Partiamo dalla bella foto di copertina, una foto dal sapore vintage che niente ha a che fare con la musica qui contenuta, per niente solare e luminosa. Al contrario, musica oscura e ipnotica, ispirata tanto da drone, suggestioni ambient, sonorità minimal quanto da intricati astrattismi sonori, pur sforzandosi di trovare una via alternativa ai minimalismi di maniera.
Ma non si limita a questo la musica di Jacek Sienkiewicz, è molto di più, spesso ai limiti della classificazione nelle sue creazioni e nei percorsi indefiniti (e indefinibili) tra rumori e melodie che sanno molto di improvvisazione, nonostante l’album abbia richiesto un paio di anni di lavoro. Quasi una sorta di sfida all’ascoltatore in termini di facilità di ascolto e immediatezza, musica lontana da scontate sonorità minimal quanto da prevedibili soluzioni ritmiche e immediate linee di basso ad uso e consumo dei dancefloor.

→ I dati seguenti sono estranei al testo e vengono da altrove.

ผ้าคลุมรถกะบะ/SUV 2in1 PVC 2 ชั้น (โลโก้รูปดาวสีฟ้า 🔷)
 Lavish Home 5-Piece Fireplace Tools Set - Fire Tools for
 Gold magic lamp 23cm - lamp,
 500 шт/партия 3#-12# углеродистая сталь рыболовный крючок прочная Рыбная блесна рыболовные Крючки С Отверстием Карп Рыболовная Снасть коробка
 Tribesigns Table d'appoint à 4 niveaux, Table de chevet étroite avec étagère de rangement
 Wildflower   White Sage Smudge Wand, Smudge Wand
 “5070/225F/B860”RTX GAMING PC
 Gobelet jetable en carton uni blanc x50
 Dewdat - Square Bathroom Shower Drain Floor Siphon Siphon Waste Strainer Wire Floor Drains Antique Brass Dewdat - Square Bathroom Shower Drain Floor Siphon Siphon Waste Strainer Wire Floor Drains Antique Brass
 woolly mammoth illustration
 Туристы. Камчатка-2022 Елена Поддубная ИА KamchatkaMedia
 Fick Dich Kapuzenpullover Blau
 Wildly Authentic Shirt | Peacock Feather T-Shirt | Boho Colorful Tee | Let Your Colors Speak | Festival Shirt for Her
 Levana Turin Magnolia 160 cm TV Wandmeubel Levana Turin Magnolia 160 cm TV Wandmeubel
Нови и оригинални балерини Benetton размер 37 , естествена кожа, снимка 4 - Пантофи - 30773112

Non certo l’ultimo arrivato Sienkiewicz, attivo dalla metà degli anni novanta nella sua Varsavia e per un certo periodo a Berlino (molto prima dell’attuale esodo di massa) con oltre trenta uscite tra album e ep nel curriculum, un’etichetta gestita da oltre dieci anni (Recognition) e il merito di essere stato il primo a pubblicare un intero album su Cocoon.
“On The Raod” è un album che però potrebbe finalizzare ancora meglio tutto quello che costruisce durante il suo svolgimento, con composizioni meno estese e più misurate per essere messe maggiormente a fuoco. Tuttavia, l’album riserva un discreto fascino e cresce ad attenti e ripetuti ascolti. Una sorta di concept incentrato sullo spostamento se analizziamo il titolo dell’album (e della maggior parte dei brani) e le due tracce di apertura e chiusura intitolate rispettivamente “Departure 11” e “Arrival 12”.
“On The Road Again” è un gioco ad incastri sonori, quasi un gamelan elettronico che sviluppa una vaga melodia e cambia direzione almeno tre volte, “Lost And Found” scorre liquida ma le cose migliori l’album sembra riservarle nel finale dove peraltro affiorano scampoli di melodia palpabile: le tessiture pulsanti di “Sing It”, l’inafferabile melodia astratta di “Peregrinating”, una sorta di lunga suite cosmica, e l’ambient atmosferica e introspettiva di “Arrival 12”.
Un album lontano dalle follie luccicanti e da certi manierismi di casa Cocoon, complessivamente non facile ma intrigante.